We often talk of the diversity of Baltimore County — this diversity is what makes Baltimore County so great in my opinion. But our diversity is constrained by our history.
Originally composed of immigrants, Baltimore County had enclaves of white European immigrants who married within their cultures ... for a time. Then those of English German, Irish, Italian, Polish, Chinese, Vietnamese, Scandinavians, Greek, Japanese, Scottish, Welsh, Korean (and all white or nearly white nations) started to marry.
In the 21st century, citizens for the first time in larger numbers (even in Baltimore County) are marrying regardless of ethnic or racial roots. Despite this fact, Baltimore County is constrained in its diversity by its neighborhood cultures which were once primarily white, but are slowly changing.

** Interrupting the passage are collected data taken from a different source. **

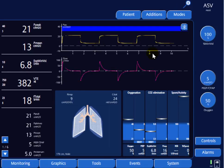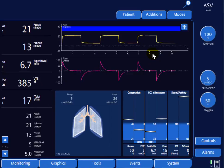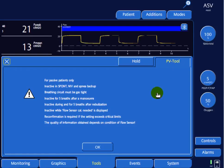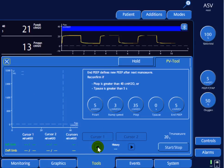The Protective Ventilation tool, or PV tool, is available on the Hamilton G5 and is used to determine the optimal PEEP for ARDS patients and determine the plateau pressure that should not be exceeded. To access it, click on Tools and then PV Tool. The patient should be apneic — well sedated and possibly paralyzed. The tool is not available in spontaneous modes such as pressure support ventilation or CPAP.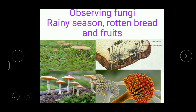Especially in the rainy season, when you go to outskirts you can find some umbrella-shaped structures over wet soil, and also over the bark of plants. Those are mushrooms. Mushroom is also a kind of fungi, and it is the only edible type of fungi. There is great demand for mushrooms nowadays, and food items made from them are very rich in protein.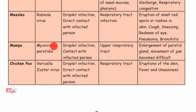Mumps: causative organism is Myxovirus parotidase, mode of transmission is droplet infection and contact with infected person. The organ affected is the upper respiratory tract. Symptoms include enlargement of parotid glands and movement of jaw becomes difficult.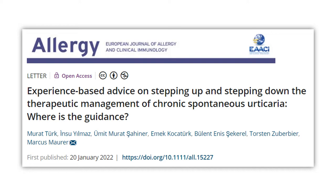We all know that there remains a lack of guidance on when and how to step up or step down the treatments in CSU patients. Until high-quality studies are conducted, we wanted to provide suggestions on how to step up and step down CSU treatment based on available evidence and our clinical experience.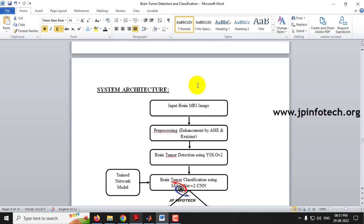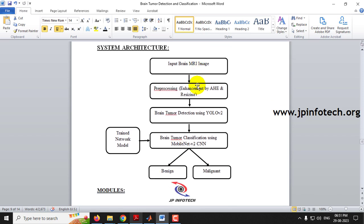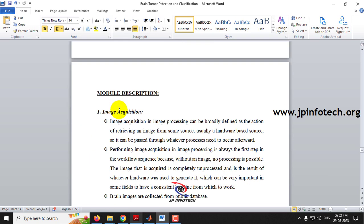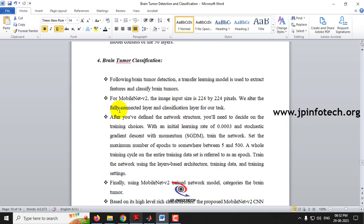The system architecture takes a brain MRI image as input, then pre-processing is done through image enhancement and resizing. Brain tumor detection is performed using YOLOv2, followed by brain tumor classification using MobileNetV2 CNN, which classifies the tumor as either benign or malignant based on the trained network model.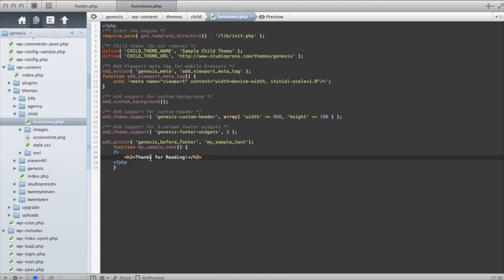That's it. It's really simple. And hopefully, this will open up a whole new world of using structural action hooks in your Genesis theme development.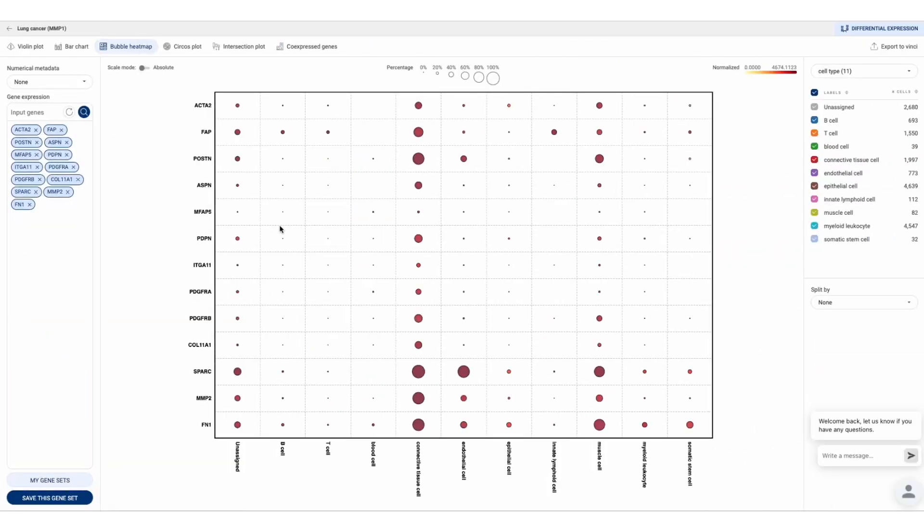Not only the expression, you can quickly look at the enrichment of these genes by just one click. Again, we can see that this CAF gene set is highly enriched in the specific group of connective tissue cells in our custom lung cancer atlas.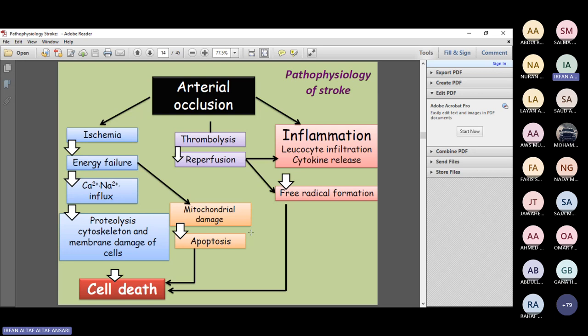Reperfusion injury is a key clinical concern. When thrombolytic treatment restores blood flow to an ischemic area, the gush of blood brings excessive WBCs that produce cytokines and reactive oxygen species, leading to cell damage rather than recovery. Patients undergoing thrombolytic therapy must be closely monitored in the ICU for signs of reperfusion injury, watching whether the patient improves or deteriorates.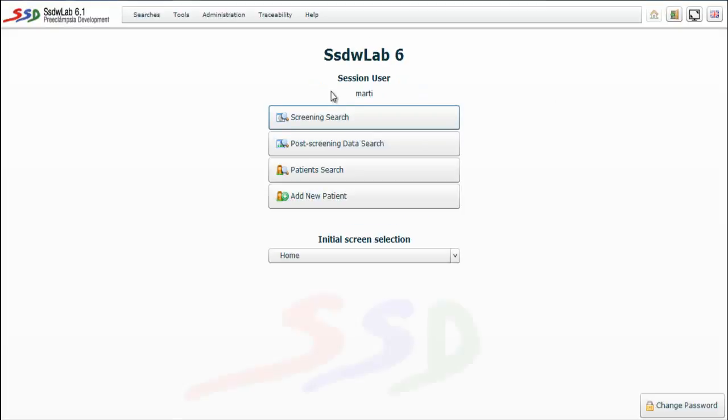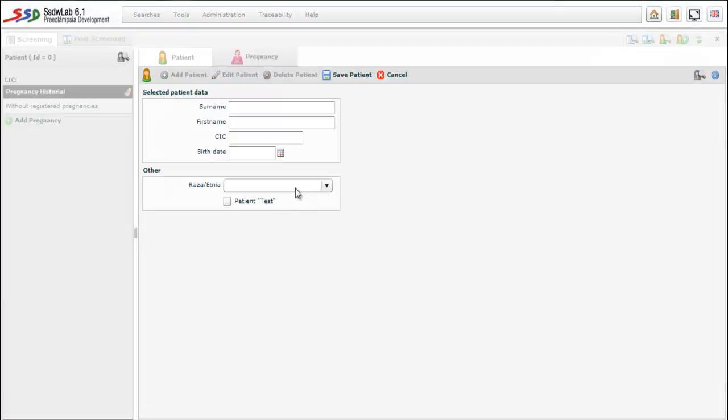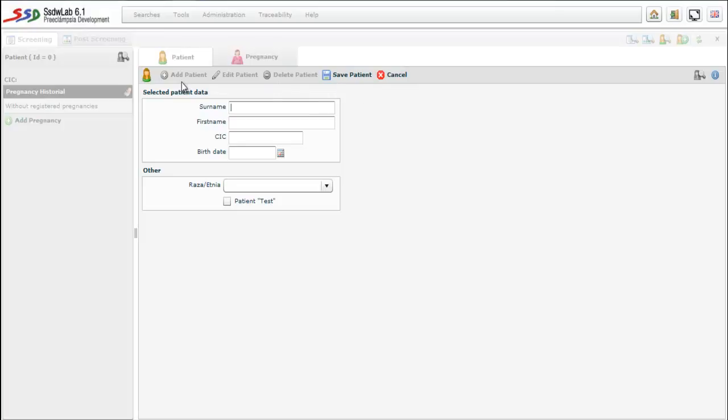It will appear several options and we choose add new patient. The first folder is patients folder. We can observe an edit bar just below the tabs of the folders that allow us to add, edit, delete, save, and cancel. These buttons appear on all folders as we will see.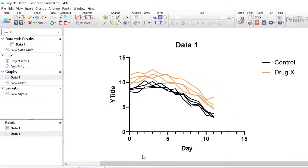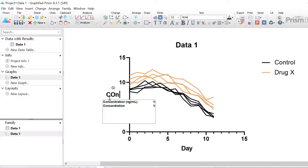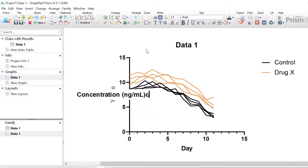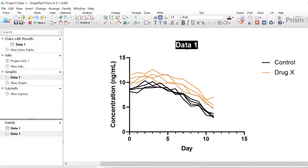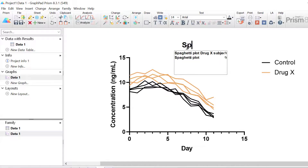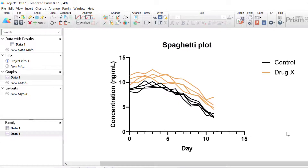The symbols have now been removed and this is looking more like a spaghetti plot. To finish this graph I will format the axis labels so that the Y axis is labelled as concentration in nanograms per milliliter, because this is a concentration of a certain protein in the blood. The title I'm just going to call spaghetti plot.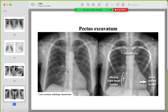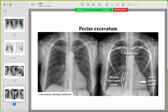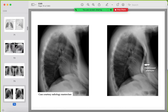A mimicker for right middle lobe collapse is pectus excavatum. The right heart border may not be visible, but the patient has no signs of infection or tumor. The ribs show horizontal posterior ribs and S-shaped anterior ribs. The sternum is depressed. Always check clinical examination, previous lateral radiograph, or CT to confirm.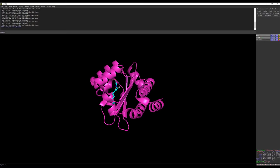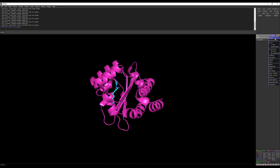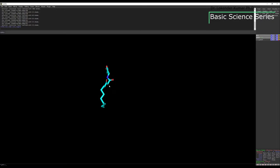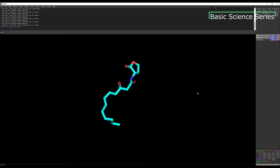Now what you need to do is hide the receptor protein so that you can only see the residues. Go to the structure, then H — H means hide — and then hide cartoon. Now you can no longer see the cartoon representation of the residues. Now I'm going to use the specific command to extract the information.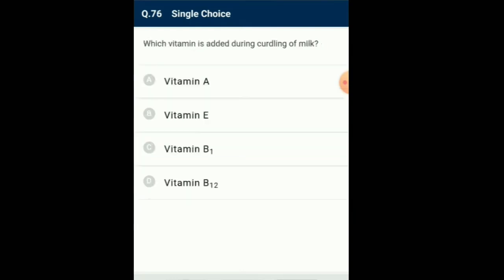Question number 76: Which vitamin is added during curding of milk? Conversion of milk to curd is done by Lactobacillus, which causes coagulation of milk and partial digestion of milk protein casein. It adds vitamin B12 and increases the nutritional quality of curd. Curd is also useful in checking growth of other disease-causing microbes in the stomach. So the answer is option D: vitamin B12.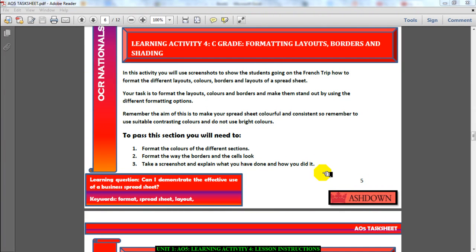Yes, this video is about Learning Activity 4. I'm going to give you some instructions on how to complete it. Learning Activity 4 is still about formatting, but now we're talking about colors and cells.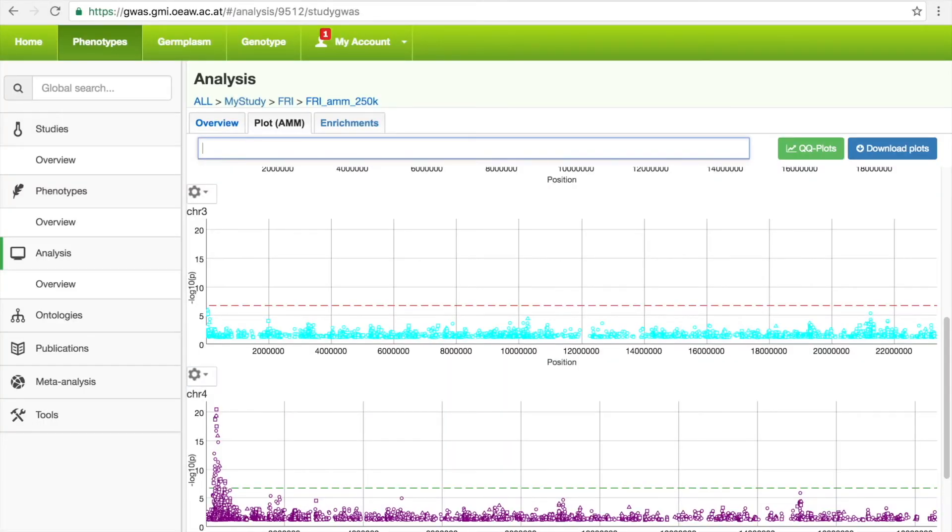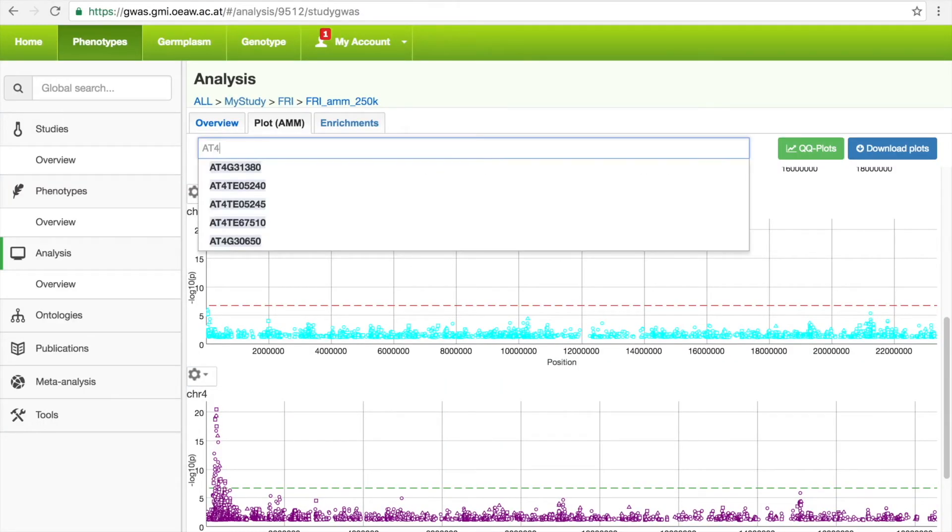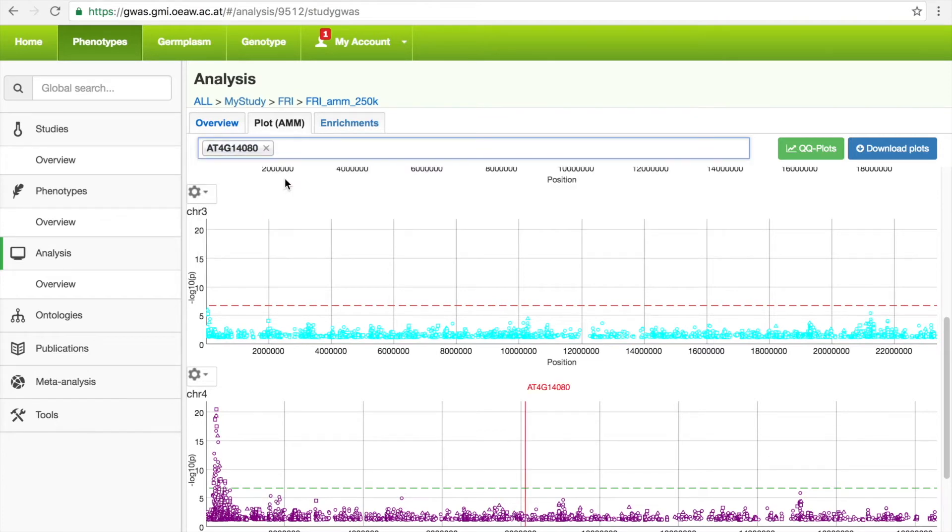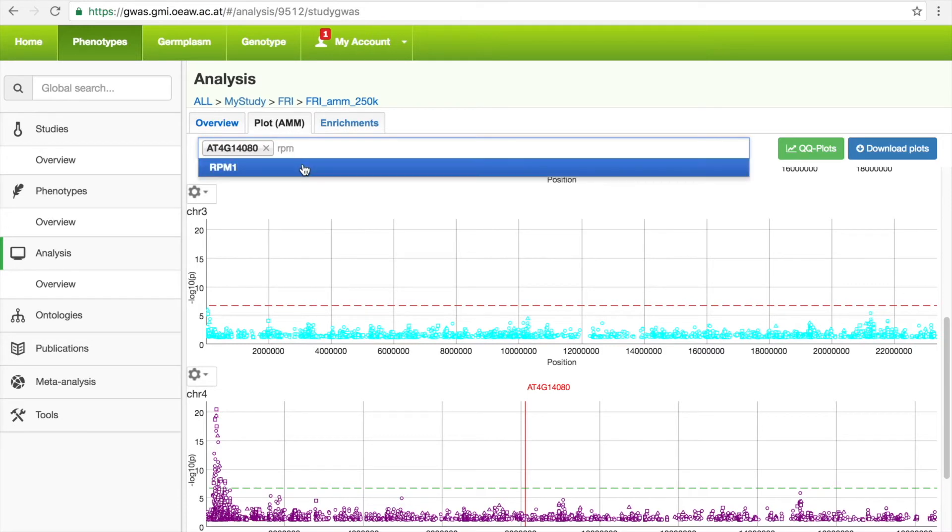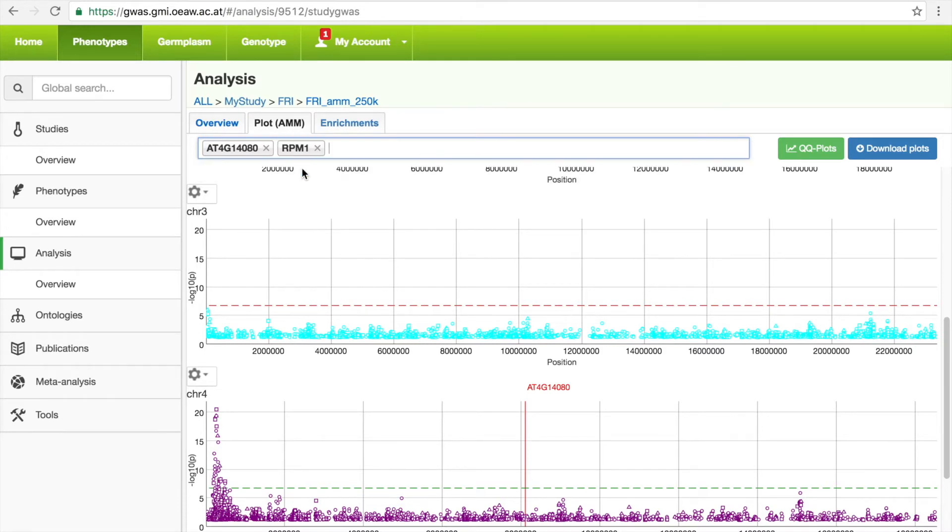As another useful feature, the user can search for any gene using the gene ID, and the gene's location will then be displayed with a vertical red line. Alternatively, candidate gene lists can be searched, and, here for RPM1, the location of defense-related genes are displayed.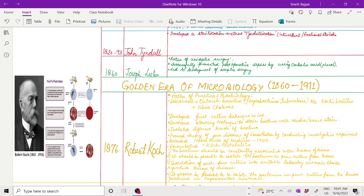Robert Koch developed the first culture technique in the lab. Many discoveries proved to be milestones in the development of microbiology. He developed staining techniques to stain bacteria with acidic or basic stains. He isolated different kinds of bacteria and proved the germ theory of diseases given by Pasteur by conducting investigative experiments.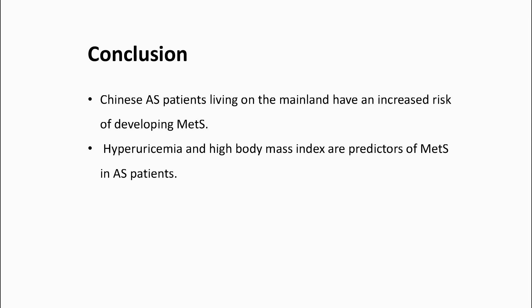Studies considering the association of hyperuricemia and AS are limited. The exact role of hyperuricemia in MetS in AS patients should be further investigated. Thank you for your attention.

To this day, while neighborhoods assimilate the nearly white Asian cultures, such as, Chinese, Vietnamese and Korean, they seem to have a harder time assimilating brown and black skinned people into their neighborhood cultures. So we still have neighborhoods of primarily brown and black people.
I am not being critical. I think that assimilation happens "slowly, but surely." Our children believed what we told them ... "all men are created equal." They experienced real diversity growing up (especially if they attended public school). Our children are color and culture blind.
It is good to retain our Baltimore County small towns. It's good to have a sense of the smaller community within the 800,000+ strong Baltimore County population.
What seems to set communties apart now more than ever is economic diversity. We as Baltimore County citizens have a responsibility to the well-being of the whole of Baltimore County not just our own neighborhood.